‘Cerberus in Tremolite’ is a project about liminality and a blurred distinction between the ‘digital’ and the ‘organic’.
The name is a coming together of two very differing concepts.
This fusion is reflected in the idea of the ‘Cerberus’ i.e. an unnatural, mythological creature - a large dog with many heads.
Tremolite is a silicate material, which often forms in hair like fibres. Famous amongst the tremolite family is asbestos, a highly practical material with highly deadly side effects.
Tremolite forms the aesthetic narrative of the pieces, it is what inspired the hair-like structures I generatively produce in code.
People have commented on how these pieces seem to be ‘hand-drawn’, or ‘like real hairs’ and ‘grounded in the physical world’.
By recreating the highly detailed fibrous structure of tremolite within the digital realm I aim to disrupt preconceptions about computational graphics, and indeed about what a think is when it appears ‘organic’.
This is where the Cerberus comes in: as a liminal and unnatural creature it reflects the space ‘in between’ - the creature which we can all recognise in some capacity but whose actual existence is steeped in mythology and fallacy. I have crushed these two concepts together in order to construct a conceptual story. A story in which I make structures that fall between what we know as real, and what we know as not.

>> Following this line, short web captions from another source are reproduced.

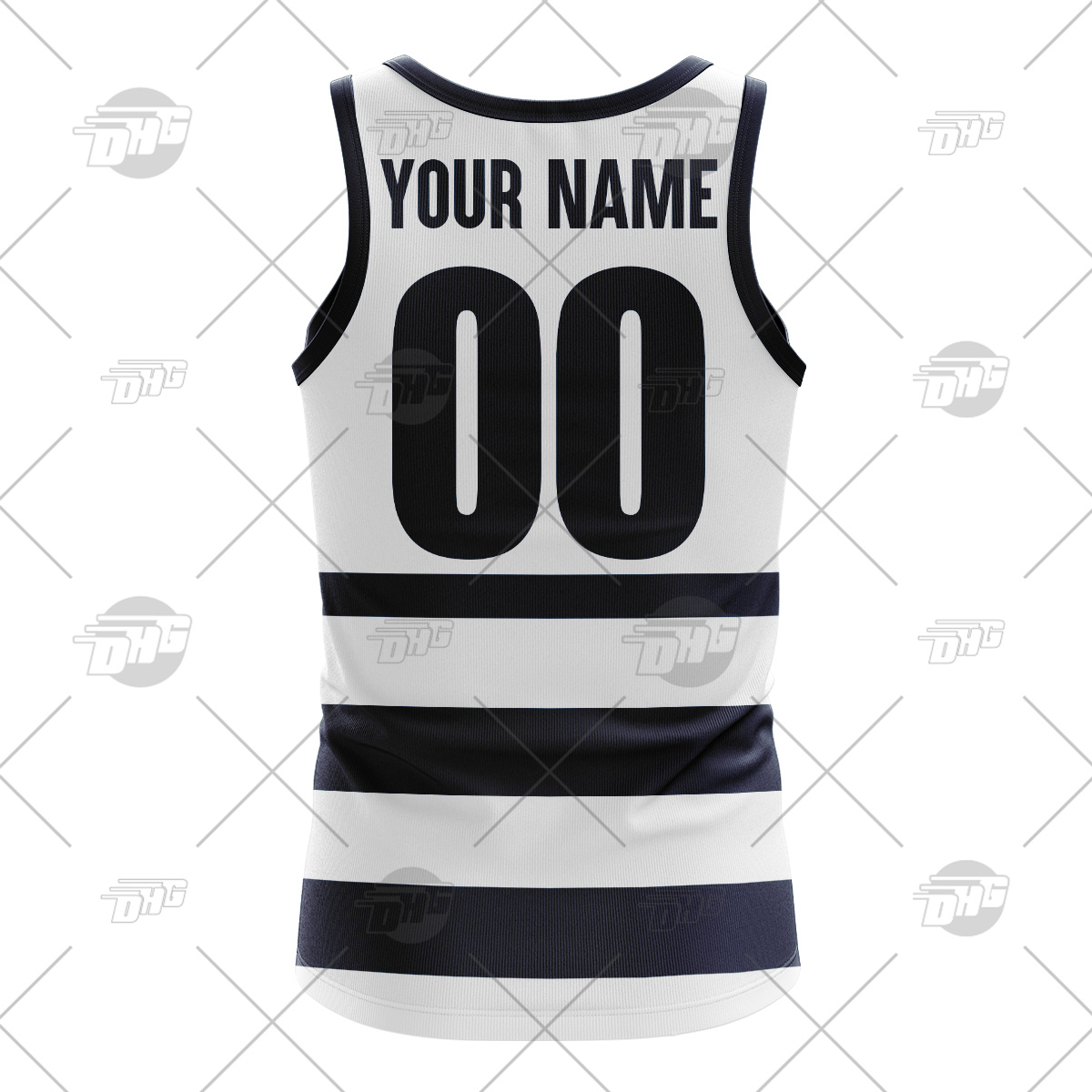 Personalized Geelong Cats Football Club Vintage Retro AFL Tank Top 90s For Men Women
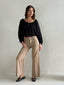 CALISTA BLOUSE- EMBROIDERED BLACK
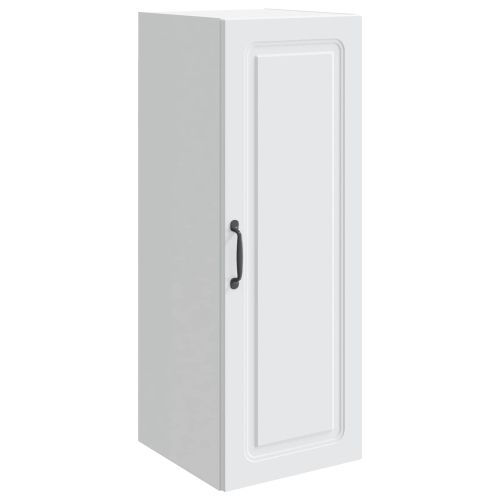 Стенно шкафче 33 x 34,5 x 90 см Инженерна дървесина Бяло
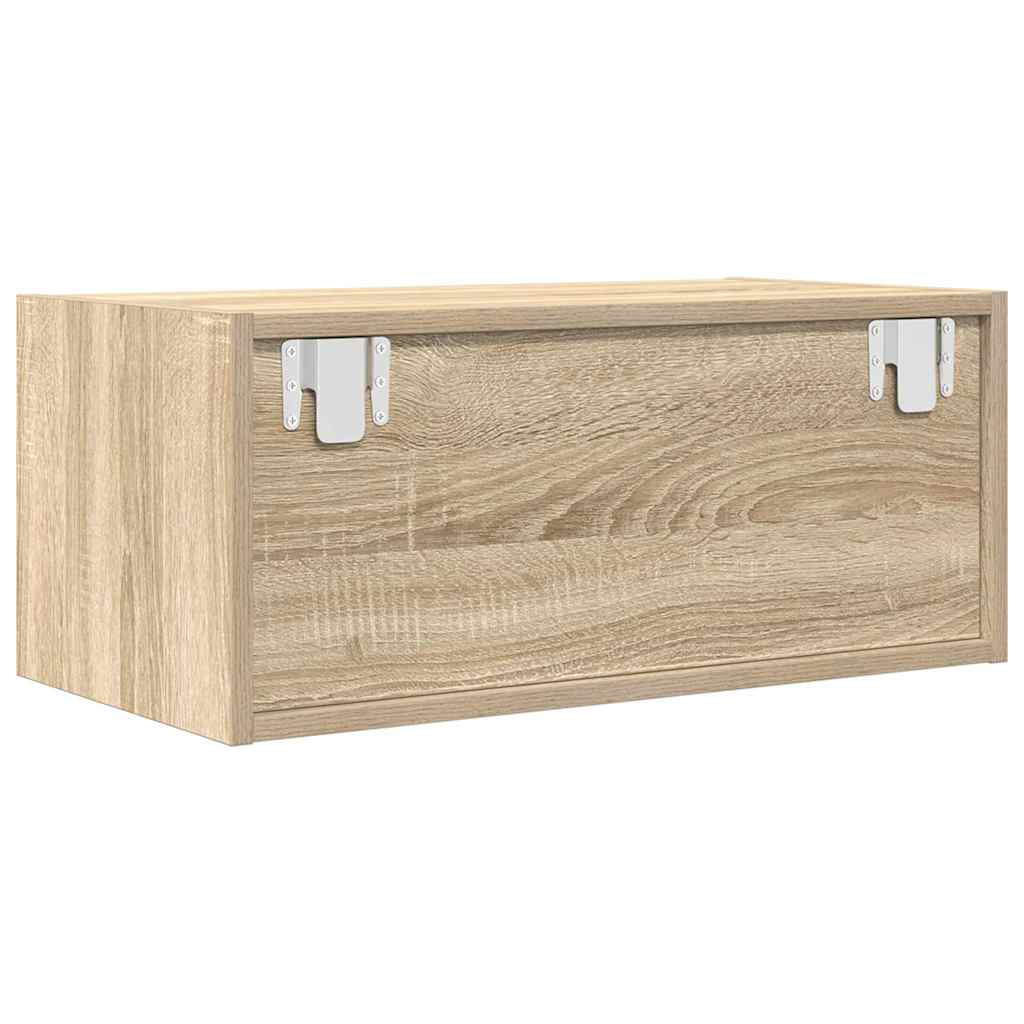 sonoma tölgy színű szerelt fa fali TV-szekrény 60x31x25,5 cm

The hairs themselves are made by drawing many, many thin bezier curves, all with very slight random offsets from one another. These offsets begin at the origin of the line itself, thus producing a very subtle curve. When many of these are layered on top and next to one another it gives the illusion of a highly organic, or hand-drawn structure (one that does not seem made by a computer).
The colours for the piece shown in the video, and the one at the bottom of the page, grew and developed by cellular automata. I did not want this to be too obvious, as the processes by which organic structures grow in nature are not themselves obvious. I often like the software to be a fluid piece of a multifaceted puzzle rather than being the crutch upon which the product relies on. The final renders must work completely by themselves - as a demonstration of computational process and also as ends in themselves.
I gained a lot of technical knowledge from Daniel Shiffman’s ‘The Nature of Code’ - his way of explaining complex concepts in code is unparalleled
I would also like to thank Lior for developing a fantastic course.
In absence I would also like to thank Florian Hecker and his ‘Chimerizations’ pieces. They inspired me greatly.
The ideas of liminality are also largely inspired from my time as an Anthropology student, particularly in the work of Victor Turner.